Choose Awa when you want priorities, unique jobs, retries, cron, callbacks, DLQ, and operator tooling on one Postgres-backed runtime.
Choose PgQue-style systems when you want an event queue with independent consumer cursors and event-log semantics first.
Choose River or Oban Pro when you want a job framework tightly shaped around one surrounding language ecosystem.
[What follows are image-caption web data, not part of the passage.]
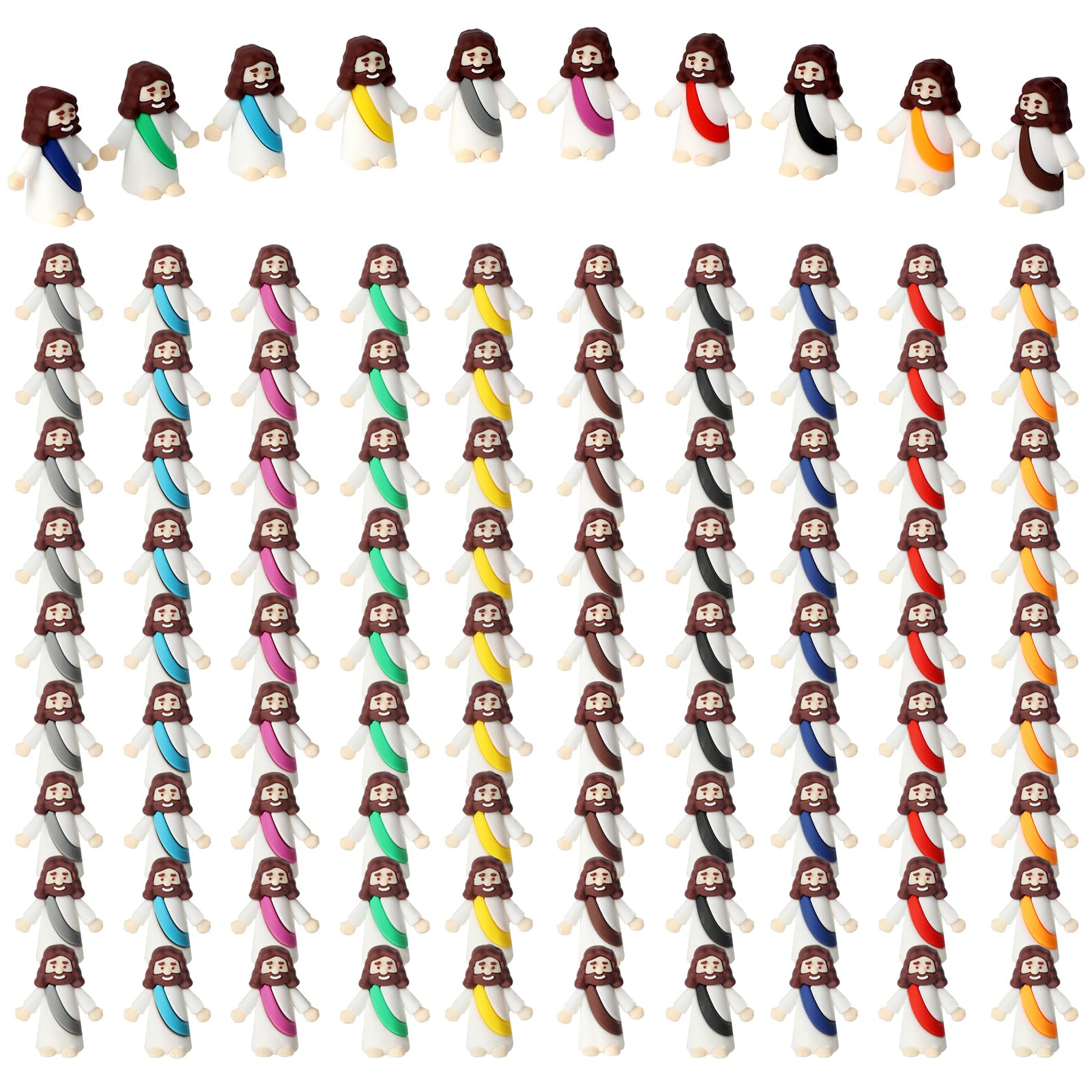Voopurbic 100 Pcs Mini Jesus Figures Bulk, Easter Little Jesus Figurines Toys for Hide and Seek Religious Party Supplies, Baptism, Church and Sunday School Giveaways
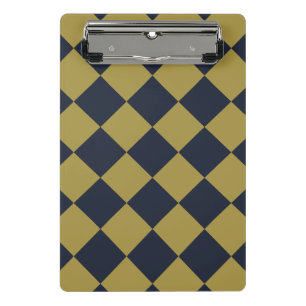 Mini Porte-bloc Elegant Gold & Navy Motif Diamant Bleu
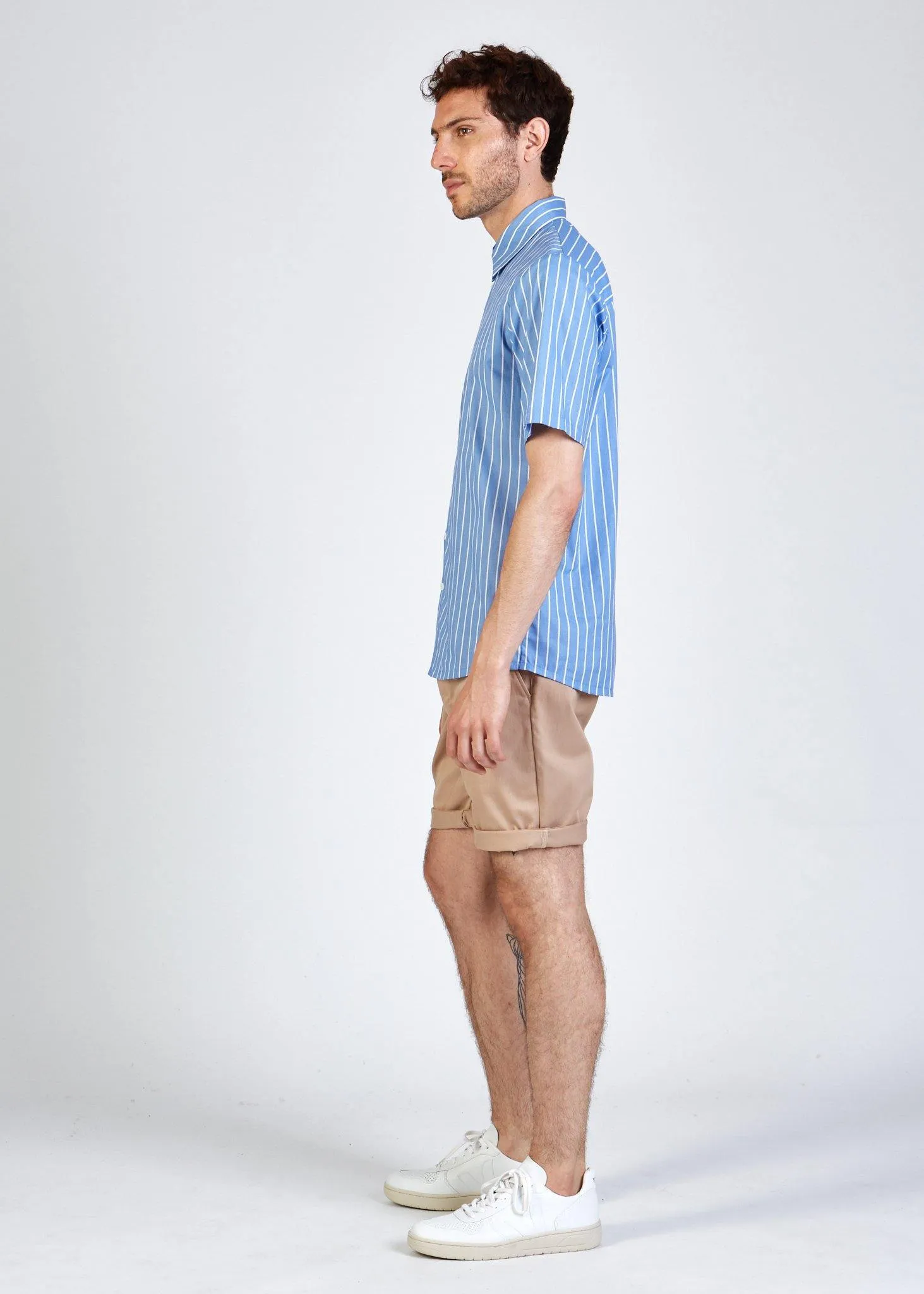 Organic Cotton Short Sleeve Shirt DYLAN - Light Blue / White (Stripes) Givn Berlin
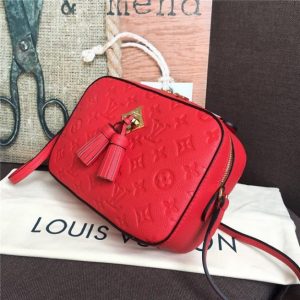 Louis Vuitton Saintonge Monogram Empreinte Leather Scarlet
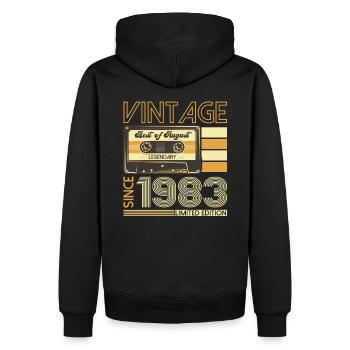 40th Birthday Man August Vintage 1983 Cassette - Men’s Premium Organic Hoodie - black - Back - Nico (187cm)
See docs/positioning.md for the category map and messaging guidance.

Getting Started

# 1. Install
pip install 'awa-pg[ui]'       # Python SDK + dashboard binary
# pip install awa-pg           # SDK only (no dashboard, smaller wheel)
# or: cargo add awa            # Rust

# 2. Start Postgres and run migrations
awa --database-url $DATABASE_URL migrate

# 3. Write a worker and start processing (see examples below)

# 4. Monitor
awa --database-url $DATABASE_URL serve   # → http://127.0.0.1:3000
awa --database-url $DATABASE_URL storage status
awa --database-url $DATABASE_URL job dump 123
awa --database-url $DATABASE_URL job dump-run 123

The Awa mental model: your app inserts durable queue entries inside Postgres, often in the same transaction as business data. Immediate jobs become ready for workers; scheduled jobs, retry backoff, and snoozes wait in the deferred backlog until maintenance promotes them. Workers claim runnable entries through guarded attempt identity and rescue stale work after crashes; long-running attempts touch attempt_state only when they need mutable data like progress or callback state. Operators inspect scheduled, live, terminal, and DLQ state through the CLI or the built-in UI.

Language-specific guides:

Configuring real workloads:

Worker scope: which queues and which kinds — running a worker against one queue, or splitting kinds across queues
Job priority and aging — priority scale, escalation, the per-queue priority_aging_interval
Reliability timings — heartbeat / deadline / callback rescue, retention, the 3× heartbeat-staleness rule
Dead Letter Queue — when to enable, per-queue overrides, operator workflow
Deploying on managed Postgres — Cloud SQL / AlloyDB sizing data, IAM grants, auth-proxy sidecar, gotchas

Already running 0.5? Read the 0.5 → 0.6 upgrade guide before you bump — 0.6 introduces a staged storage transition (canonical → prepared → mixed_transition → active) with a refused-by-default gate that expects the operator to roll out queue-storage-capable workers first.

Python Example

import awa
import asyncio
from dataclasses import dataclass

@dataclass
class SendEmail:
    to: str
    subject: str

async def main():
    client = awa.AsyncClient("postgres://localhost/mydb")
    await client.migrate()

    @client.task(SendEmail, queue="email")
    async def handle_email(job):
        print(f"Sending to {job.args.to}: {job.args.subject}")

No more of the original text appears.